Vã intenção, pois sempre que estou a ponto de tornar real uma separação como essa, verdadeira perda de pequenos pedaços de minha própria história, por um lado, e, por outro, ilusão de ganho de espaço onde ele é escasso, tenho a sensação de estar cometendo, senão crime doloso, pelo menos alguma contravenção, sendo eu mesmo a inescapável vítima.
Então, eu mudo de plano e, pensativo e mudo, guardo os papéis novamente por um período cuja duração nunca sei qual será. Contraditoriamente, todavia, me assalta nesses momentos fundo sentimento de culpa, semelhante ao de olhar na estante os livros não lidos ainda, apesar de todas as resoluções de lê-los na semana seguinte, o que, se feito mesmo, me pouparia de responder à freqüente pergunta de muitos sobre “todos esses livros” da minha biblioteca. Não, não li todos, respondo. Mas, terei tempo de fazê-lo, pois viverei mais de cem anos.
Mas, esse ritual de separação, uma realidade apenas virtual, pois nunca se materializa, como as promessas eleitoreiras e as de salvação eterna em troca de votos, talvez se pareça com a perda de amigos diletos, com quem, como no caso dos papéis velhos, trocamos idéias e de quem também não queremos nos separar para sempre. Com uma diferença, porém. Os dois amigos desaparecidos recentemente, Djalma e Oliveira Ramos, não estavam jogados em nenhuma gaveta do esquecimento.
Djalma, meu barbeiro havia muito (barbeiro, não cabeleireiro), era o mais intelectual entre os de sua profissão e talvez mais do que muitos considerados como tal. Lia regularmente os bons autores de língua portuguesa, Eça de Queiroz, Machado de Assis, Rachel de Queiroz, Aloísio Azevedo, bem como os cronistas maranhenses, sobre os quais, enquanto exercia sua arte em salão no prédio do antigo Hotel Central, fazia bem humorados e originais comentários. Estava a ponto de se iniciar em José Saramago. Fiquei lhe devendo os empréstimos do Ensaio sobre a cegueira e O Evangelho segundo José Cristo, os dois romances de que mais gosto, do escritor português.
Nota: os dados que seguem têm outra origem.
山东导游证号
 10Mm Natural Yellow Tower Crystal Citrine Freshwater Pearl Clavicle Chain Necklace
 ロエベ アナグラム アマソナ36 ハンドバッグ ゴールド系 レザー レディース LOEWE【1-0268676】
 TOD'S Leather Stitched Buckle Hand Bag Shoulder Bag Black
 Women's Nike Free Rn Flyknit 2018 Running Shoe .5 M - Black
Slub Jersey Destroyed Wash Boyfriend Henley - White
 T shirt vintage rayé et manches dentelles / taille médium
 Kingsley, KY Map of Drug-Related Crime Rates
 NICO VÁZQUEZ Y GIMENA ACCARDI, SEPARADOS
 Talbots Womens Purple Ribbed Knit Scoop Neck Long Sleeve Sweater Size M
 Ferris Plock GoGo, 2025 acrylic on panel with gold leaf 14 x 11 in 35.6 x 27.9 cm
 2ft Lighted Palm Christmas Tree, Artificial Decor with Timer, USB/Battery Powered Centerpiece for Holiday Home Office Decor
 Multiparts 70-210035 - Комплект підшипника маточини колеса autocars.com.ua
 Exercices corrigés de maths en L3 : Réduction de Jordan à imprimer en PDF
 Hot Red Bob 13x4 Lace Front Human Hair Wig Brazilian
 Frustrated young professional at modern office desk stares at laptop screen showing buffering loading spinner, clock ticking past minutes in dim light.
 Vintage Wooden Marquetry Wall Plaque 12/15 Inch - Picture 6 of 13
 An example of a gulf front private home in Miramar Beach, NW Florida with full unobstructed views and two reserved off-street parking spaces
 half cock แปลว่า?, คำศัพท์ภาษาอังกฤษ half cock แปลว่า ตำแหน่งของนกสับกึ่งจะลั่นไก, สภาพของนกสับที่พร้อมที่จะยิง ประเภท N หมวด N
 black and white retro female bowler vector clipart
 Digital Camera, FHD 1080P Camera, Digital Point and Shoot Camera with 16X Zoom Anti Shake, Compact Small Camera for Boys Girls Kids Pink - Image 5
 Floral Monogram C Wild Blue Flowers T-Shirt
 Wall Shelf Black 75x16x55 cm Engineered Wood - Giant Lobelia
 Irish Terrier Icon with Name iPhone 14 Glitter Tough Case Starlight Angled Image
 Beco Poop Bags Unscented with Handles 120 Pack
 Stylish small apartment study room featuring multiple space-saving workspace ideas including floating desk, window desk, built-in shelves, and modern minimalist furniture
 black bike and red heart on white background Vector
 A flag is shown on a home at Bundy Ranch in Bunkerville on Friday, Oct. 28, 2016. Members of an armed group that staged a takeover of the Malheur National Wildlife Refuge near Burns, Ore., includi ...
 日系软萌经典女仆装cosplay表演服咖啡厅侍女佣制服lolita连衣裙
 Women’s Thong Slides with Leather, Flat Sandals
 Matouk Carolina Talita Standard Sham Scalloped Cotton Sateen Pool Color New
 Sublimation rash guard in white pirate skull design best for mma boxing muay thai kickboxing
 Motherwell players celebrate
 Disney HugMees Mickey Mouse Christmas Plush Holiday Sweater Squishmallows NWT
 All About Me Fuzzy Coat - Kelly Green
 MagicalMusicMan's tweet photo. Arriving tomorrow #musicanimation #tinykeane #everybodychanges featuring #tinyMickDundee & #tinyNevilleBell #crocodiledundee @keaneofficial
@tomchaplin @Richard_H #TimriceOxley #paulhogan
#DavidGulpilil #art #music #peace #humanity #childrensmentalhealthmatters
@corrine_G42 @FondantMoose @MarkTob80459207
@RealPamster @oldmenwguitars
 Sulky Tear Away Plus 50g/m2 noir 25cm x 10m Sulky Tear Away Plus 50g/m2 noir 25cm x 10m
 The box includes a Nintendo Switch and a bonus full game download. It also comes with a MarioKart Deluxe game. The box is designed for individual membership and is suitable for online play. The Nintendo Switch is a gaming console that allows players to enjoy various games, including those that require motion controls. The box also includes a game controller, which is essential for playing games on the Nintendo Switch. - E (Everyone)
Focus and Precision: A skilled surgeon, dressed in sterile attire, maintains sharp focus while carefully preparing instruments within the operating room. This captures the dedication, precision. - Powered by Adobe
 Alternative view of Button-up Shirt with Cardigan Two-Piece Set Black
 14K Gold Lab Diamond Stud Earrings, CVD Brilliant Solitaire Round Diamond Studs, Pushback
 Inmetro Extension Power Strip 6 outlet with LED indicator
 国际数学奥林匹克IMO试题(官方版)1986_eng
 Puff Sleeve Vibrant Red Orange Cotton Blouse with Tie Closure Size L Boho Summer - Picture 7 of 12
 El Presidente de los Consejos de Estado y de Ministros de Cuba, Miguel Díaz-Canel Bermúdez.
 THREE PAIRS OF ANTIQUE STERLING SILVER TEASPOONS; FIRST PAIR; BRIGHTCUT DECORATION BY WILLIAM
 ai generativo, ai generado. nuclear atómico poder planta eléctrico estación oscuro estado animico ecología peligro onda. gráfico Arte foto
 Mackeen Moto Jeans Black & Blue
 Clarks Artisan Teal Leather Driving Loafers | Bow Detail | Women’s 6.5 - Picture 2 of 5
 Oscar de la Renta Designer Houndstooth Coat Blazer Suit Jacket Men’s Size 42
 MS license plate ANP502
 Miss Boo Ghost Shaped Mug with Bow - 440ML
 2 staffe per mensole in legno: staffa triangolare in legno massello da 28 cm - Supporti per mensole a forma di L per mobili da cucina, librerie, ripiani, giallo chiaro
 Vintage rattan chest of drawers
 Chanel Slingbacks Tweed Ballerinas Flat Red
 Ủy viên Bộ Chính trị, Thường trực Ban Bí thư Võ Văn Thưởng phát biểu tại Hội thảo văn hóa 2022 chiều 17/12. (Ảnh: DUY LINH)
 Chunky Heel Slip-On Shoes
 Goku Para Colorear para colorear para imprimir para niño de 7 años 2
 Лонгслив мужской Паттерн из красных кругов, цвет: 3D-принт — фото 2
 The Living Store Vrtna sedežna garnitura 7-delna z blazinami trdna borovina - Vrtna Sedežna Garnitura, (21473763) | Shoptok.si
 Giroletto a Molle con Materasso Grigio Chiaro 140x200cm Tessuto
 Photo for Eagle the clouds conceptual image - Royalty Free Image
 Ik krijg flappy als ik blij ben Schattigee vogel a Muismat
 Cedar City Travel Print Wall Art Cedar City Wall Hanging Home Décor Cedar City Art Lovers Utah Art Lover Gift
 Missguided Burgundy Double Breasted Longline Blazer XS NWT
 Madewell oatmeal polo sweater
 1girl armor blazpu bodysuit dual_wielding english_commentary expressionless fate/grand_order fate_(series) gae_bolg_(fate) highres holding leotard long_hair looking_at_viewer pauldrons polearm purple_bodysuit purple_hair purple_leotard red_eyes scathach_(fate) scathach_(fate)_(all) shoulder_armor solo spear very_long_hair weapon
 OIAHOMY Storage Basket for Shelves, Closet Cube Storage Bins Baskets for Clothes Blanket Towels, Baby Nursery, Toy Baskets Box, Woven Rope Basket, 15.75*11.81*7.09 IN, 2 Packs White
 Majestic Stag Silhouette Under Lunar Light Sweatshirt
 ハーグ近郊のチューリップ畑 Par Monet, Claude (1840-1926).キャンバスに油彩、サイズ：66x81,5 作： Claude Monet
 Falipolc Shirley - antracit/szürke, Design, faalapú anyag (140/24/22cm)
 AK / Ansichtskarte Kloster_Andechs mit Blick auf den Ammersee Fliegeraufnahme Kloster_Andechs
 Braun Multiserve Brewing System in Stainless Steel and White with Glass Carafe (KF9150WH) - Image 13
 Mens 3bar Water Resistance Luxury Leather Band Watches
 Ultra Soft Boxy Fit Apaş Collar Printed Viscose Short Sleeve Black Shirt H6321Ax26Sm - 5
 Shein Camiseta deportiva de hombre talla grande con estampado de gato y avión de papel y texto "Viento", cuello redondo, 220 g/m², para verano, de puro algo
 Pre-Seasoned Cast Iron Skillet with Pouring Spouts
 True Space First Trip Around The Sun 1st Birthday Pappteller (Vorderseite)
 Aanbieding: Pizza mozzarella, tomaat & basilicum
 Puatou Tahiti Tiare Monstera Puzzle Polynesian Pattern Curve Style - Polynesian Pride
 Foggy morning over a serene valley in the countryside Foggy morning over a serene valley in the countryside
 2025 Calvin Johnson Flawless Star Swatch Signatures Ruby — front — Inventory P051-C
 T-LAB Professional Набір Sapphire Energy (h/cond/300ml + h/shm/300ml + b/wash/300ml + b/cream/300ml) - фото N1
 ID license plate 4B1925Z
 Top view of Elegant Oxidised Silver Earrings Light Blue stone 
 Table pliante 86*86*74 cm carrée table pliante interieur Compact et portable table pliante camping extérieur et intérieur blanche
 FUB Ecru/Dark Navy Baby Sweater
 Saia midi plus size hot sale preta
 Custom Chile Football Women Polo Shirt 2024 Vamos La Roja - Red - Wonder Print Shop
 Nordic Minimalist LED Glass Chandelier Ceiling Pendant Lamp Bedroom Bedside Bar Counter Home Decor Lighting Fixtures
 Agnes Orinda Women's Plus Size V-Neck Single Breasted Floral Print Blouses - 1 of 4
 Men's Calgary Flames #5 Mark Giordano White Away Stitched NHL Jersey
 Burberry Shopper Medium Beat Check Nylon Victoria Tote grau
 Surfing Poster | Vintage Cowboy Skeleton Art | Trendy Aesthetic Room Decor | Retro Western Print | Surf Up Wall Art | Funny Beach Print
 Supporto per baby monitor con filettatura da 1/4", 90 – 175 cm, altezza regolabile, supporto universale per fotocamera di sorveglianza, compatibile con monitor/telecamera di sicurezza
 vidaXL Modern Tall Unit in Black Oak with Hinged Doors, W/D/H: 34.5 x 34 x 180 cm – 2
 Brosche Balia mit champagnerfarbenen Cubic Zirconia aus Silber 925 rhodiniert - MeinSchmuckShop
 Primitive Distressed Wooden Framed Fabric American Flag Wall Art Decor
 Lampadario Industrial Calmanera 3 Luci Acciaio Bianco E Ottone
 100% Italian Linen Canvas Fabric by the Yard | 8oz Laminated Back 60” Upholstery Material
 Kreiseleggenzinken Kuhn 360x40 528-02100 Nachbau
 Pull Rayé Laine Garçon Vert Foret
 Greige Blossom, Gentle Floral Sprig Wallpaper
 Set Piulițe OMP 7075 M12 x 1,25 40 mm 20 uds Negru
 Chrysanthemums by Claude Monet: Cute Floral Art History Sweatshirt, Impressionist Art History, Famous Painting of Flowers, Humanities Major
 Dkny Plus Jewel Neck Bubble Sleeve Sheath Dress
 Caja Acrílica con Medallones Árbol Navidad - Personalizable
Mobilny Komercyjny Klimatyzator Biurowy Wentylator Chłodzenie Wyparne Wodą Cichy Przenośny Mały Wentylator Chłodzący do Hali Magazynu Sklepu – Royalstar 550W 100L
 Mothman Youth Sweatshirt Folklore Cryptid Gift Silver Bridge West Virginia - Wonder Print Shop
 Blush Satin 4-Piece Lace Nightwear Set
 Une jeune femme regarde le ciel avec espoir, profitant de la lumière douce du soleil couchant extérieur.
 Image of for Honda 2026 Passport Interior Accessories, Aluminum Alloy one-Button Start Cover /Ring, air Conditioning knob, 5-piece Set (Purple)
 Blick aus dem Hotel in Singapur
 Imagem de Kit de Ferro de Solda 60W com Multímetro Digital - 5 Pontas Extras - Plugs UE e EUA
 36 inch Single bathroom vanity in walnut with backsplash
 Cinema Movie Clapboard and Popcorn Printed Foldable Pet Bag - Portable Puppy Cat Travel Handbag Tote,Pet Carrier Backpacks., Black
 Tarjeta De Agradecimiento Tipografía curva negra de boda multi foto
Oliveira Ramos tinha uma característica raríssima, a de rir até de suas próprias desventuras, das quais não se lamentava, como não culpava ninguém por elas, embora tivesse bons motivos para isto e para denunciar as perseguições que sofreu. Com agudo senso de humor, verve especial, imaginação incomum, facilmente aproveitável na ficção, e domínio profundo dos labirintos gramaticais do nosso idioma, ele era um excelente artesão da crônica, muitas vezes a arte de aparentemente falar sobre nada, com o fim de expressar muita coisa. Em vários momentos, escreveu peças memoráveis nesse gênero provisório, mas difícil, como nos seus últimos textos publicados aqui em O Estado do Maranhão, perpassados de uma certa tristeza, mas não de amargura, ressentimento ou ódio, emoções de almas pequenas.
Meus dois amigos tinham isto em comum: eram homens de almas imensas e generosas.